FIFA and the host country have long remained silent about the exact number of deaths on Qatar’s World Cup construction sites. Now the World Cup organizers are correcting the number from three to up to 500 for the first time. According to media reports, however, the number is significantly higher.
The secretary general of the organizing committee, Hassan al-Thawadi, spoke in an interview about several hundred guest workers who had died in connection with the World Cup in Qatar. “The estimate is around 400, between 400 and 500. I don’t have the exact number,” al-Thawadi said in an interview with Piers Morgan for the British TV channel “Talk TV”.
Morgan had asked: “Do you know how many people have died in construction work related to the World Cup in Qatar in the last 12 years since you were awarded the contract? In other words: new hotels, new bridges, what anyway. What is the realistic total number of migrant workers who have died as a result of work for the soccer World Cup?”
The organizing committee noted that al-Thawadi’s statement was based on national statistics for all work-related deaths nationwide in Qatar, for all sectors and nationalities, for the period 2014-2020. This number is 414. So far, Qatar has only mentioned three work-related and 37 non-work-related deaths in this context. According to media reports, however, several thousand workers died on World Cup construction sites.

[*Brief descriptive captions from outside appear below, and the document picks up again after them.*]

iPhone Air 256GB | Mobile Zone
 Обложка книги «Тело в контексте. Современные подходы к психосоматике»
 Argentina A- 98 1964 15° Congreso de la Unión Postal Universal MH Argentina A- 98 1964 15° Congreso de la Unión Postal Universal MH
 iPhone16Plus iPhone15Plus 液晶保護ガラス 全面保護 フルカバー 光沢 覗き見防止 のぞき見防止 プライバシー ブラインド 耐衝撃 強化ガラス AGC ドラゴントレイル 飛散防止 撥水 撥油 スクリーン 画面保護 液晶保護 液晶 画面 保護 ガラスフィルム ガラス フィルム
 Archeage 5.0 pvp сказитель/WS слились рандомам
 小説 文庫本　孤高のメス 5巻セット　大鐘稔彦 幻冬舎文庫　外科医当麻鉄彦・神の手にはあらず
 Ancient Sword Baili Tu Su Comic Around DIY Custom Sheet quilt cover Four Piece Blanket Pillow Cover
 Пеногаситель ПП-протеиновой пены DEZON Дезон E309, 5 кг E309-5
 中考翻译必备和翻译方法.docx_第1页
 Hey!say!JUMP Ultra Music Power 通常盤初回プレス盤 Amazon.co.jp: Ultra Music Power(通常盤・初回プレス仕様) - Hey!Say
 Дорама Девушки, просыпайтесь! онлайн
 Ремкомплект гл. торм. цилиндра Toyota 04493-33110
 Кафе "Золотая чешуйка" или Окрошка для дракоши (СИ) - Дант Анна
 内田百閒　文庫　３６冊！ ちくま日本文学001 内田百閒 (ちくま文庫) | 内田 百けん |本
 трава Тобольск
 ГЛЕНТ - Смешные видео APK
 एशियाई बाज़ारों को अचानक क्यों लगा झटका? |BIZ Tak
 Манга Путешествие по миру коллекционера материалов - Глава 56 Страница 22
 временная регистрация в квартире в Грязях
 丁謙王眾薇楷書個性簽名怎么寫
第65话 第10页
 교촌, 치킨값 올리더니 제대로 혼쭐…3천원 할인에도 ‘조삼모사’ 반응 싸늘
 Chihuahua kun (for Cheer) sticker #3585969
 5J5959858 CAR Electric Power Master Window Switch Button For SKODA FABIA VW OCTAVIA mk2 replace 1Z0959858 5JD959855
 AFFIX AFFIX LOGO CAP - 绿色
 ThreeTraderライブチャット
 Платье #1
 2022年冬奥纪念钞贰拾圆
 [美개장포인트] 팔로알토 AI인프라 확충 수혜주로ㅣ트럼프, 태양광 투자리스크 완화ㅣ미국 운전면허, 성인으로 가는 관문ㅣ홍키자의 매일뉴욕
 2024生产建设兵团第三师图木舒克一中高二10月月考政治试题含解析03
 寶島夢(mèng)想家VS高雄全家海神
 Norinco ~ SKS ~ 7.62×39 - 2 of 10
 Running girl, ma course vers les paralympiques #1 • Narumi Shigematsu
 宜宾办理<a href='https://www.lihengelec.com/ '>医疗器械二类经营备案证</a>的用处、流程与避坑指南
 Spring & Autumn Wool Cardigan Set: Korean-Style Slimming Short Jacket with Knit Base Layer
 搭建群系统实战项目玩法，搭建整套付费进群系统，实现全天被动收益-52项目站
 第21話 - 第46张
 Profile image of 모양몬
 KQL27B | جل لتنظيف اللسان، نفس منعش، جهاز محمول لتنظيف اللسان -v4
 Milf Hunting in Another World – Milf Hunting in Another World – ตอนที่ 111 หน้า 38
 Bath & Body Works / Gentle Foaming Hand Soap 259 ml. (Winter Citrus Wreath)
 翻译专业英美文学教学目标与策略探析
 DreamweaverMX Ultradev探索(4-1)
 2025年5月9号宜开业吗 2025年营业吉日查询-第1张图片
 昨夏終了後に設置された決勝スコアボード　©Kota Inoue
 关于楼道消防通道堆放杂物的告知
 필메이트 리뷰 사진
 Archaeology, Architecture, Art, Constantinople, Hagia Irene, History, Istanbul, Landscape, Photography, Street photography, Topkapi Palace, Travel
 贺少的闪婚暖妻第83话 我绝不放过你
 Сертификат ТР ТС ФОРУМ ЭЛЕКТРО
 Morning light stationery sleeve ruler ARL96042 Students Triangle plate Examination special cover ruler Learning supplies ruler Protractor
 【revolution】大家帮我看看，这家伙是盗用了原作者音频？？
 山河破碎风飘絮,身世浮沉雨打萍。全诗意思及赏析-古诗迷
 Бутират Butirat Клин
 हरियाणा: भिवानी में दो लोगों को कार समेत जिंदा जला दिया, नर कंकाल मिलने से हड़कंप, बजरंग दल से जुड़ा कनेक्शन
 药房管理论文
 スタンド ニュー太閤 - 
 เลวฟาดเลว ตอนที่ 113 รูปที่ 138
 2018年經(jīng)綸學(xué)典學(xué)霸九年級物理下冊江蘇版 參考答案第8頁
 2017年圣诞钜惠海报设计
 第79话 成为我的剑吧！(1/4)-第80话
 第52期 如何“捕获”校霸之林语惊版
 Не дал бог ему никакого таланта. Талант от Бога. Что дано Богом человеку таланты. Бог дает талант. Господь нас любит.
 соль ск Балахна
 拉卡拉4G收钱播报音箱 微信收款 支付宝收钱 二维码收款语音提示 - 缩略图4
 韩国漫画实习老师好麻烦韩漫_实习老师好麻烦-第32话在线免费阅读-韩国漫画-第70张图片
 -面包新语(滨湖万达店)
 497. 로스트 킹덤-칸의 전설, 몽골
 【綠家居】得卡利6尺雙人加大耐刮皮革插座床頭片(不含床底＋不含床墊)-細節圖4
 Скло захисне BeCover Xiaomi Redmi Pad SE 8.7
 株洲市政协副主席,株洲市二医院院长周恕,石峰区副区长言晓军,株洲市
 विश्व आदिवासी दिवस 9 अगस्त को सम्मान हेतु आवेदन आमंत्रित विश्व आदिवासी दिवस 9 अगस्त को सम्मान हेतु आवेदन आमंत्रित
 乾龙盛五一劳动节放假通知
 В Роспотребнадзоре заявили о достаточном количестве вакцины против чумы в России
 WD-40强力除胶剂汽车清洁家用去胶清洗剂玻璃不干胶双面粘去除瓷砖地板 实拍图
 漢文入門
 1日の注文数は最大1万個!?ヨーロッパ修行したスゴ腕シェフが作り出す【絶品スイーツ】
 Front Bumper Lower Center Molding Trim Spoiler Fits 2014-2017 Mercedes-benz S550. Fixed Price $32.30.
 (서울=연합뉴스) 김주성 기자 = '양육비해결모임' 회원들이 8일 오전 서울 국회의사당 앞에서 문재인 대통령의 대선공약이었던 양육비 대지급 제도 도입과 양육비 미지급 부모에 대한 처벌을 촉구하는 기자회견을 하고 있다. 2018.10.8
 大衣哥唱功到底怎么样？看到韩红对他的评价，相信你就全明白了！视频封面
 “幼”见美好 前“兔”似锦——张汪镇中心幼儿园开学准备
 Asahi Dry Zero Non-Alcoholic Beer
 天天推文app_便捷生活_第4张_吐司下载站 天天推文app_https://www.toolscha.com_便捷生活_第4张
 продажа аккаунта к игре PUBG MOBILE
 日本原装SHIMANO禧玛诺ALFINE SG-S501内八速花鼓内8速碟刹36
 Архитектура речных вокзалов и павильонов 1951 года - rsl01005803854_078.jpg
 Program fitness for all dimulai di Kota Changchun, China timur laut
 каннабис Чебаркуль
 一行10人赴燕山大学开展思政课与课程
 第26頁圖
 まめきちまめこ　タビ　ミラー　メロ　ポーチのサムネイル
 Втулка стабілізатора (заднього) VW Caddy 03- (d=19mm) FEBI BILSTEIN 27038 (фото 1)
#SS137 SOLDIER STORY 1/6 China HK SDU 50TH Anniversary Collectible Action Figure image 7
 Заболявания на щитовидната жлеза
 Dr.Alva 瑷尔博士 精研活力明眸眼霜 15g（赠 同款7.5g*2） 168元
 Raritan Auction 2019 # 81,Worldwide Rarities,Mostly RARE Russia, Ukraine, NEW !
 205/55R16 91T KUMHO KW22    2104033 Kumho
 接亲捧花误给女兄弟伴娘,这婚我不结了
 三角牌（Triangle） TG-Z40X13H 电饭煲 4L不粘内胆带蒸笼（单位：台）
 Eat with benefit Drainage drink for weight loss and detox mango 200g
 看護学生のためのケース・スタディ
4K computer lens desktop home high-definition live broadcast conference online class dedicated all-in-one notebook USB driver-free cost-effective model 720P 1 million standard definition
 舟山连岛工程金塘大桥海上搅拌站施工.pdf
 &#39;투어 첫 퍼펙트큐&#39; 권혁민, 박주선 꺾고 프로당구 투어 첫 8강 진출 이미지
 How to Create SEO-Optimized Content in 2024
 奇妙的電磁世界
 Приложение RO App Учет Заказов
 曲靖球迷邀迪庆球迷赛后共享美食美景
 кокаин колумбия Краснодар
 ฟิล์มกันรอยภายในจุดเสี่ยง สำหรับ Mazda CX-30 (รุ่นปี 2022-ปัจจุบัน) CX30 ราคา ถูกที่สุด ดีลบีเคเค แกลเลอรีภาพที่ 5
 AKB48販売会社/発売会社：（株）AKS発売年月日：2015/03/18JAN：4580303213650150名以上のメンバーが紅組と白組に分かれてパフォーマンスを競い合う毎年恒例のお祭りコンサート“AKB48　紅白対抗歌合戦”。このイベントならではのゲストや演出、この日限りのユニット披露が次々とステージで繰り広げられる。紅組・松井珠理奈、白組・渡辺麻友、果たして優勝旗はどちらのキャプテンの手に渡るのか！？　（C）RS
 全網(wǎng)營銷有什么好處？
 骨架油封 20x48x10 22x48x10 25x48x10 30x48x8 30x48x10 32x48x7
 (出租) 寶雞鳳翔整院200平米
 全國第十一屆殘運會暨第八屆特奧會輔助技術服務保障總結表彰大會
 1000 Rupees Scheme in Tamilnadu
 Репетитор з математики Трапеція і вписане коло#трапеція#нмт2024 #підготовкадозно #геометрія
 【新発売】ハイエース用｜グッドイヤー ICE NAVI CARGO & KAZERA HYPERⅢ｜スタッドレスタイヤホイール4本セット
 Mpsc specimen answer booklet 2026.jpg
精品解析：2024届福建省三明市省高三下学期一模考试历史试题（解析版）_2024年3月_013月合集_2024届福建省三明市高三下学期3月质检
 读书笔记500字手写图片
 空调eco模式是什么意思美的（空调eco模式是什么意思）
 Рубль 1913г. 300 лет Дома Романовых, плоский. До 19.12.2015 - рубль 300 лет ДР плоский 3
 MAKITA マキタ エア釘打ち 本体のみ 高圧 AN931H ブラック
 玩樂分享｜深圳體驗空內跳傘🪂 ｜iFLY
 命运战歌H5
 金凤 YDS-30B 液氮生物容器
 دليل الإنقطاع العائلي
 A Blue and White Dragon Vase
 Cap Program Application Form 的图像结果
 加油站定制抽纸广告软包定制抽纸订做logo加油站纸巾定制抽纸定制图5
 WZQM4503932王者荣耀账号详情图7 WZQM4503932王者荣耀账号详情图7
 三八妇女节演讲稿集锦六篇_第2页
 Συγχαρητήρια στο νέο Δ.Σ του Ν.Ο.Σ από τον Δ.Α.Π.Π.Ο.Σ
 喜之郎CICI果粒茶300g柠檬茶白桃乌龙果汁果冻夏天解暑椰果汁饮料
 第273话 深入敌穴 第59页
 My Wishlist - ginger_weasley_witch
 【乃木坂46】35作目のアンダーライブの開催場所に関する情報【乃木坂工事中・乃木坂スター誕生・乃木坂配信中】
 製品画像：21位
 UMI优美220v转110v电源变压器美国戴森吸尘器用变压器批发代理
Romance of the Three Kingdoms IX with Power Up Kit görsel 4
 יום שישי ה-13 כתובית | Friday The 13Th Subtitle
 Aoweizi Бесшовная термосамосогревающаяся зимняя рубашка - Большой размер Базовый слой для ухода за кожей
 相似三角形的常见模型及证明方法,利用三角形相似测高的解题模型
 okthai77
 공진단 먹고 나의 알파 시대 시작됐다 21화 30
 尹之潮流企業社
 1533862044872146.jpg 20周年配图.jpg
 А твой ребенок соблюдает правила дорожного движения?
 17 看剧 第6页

A sensational report by the British “Guardian” from the beginning of 2021 spoke of more than 6,500 dead workers from five Asian countries on the emirate’s construction sites in the past ten years. Qatar had always rejected these figures.
In the conversation, Hassan al-Thawadi again referred to the reforms that have improved the conditions for workers on the World Cup construction sites in the emirate in recent years. The German Football Association and other European associations are campaigning for a compensation fund for guest workers in Qatar and for the establishment of a guest worker center in Doha.